**TASK OBJECTIVE:** Everything in the records below from the line containing "Fashion-Vintage Unisex Wool" through the line containing "Pantalon Corsaire de" is to be reproduced exactly, those two lines included; no picture is to be copied.

**EXERCISE INPUTS:**
=== Section Start ===

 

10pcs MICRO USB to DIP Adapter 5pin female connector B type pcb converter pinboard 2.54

=== Section End ===
=== Section Start ===

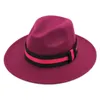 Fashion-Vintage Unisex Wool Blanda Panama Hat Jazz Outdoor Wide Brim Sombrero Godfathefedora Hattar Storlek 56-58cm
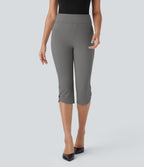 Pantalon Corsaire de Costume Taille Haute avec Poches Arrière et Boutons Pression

=== Section End ===

**OUTPUT OF THE TASK:**
 Fashion-Vintage Unisex Wool Blanda Panama Hat Jazz Outdoor Wide Brim Sombrero Godfathefedora Hattar Storlek 56-58cm
 Pantalon Corsaire de Costume Taille Haute avec Poches Arrière et Boutons Pression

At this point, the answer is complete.